Source data:
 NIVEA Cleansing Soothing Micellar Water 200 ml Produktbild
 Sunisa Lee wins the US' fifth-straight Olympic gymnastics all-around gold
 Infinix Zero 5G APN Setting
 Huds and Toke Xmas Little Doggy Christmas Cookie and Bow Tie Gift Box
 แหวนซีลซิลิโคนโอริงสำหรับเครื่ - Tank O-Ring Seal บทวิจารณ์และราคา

## HOW TO COMPLETE THIS TASK
Restate each line above word for word.

## OUTPUT OF THE TASK
 NIVEA Cleansing Soothing Micellar Water 200 ml Produktbild
 Sunisa Lee wins the US' fifth-straight Olympic gymnastics all-around gold
 Infinix Zero 5G APN Setting
 Huds and Toke Xmas Little Doggy Christmas Cookie and Bow Tie Gift Box
 แหวนซีลซิลิโคนโอริงสำหรับเครื่ - Tank O-Ring Seal บทวิจารณ์และราคา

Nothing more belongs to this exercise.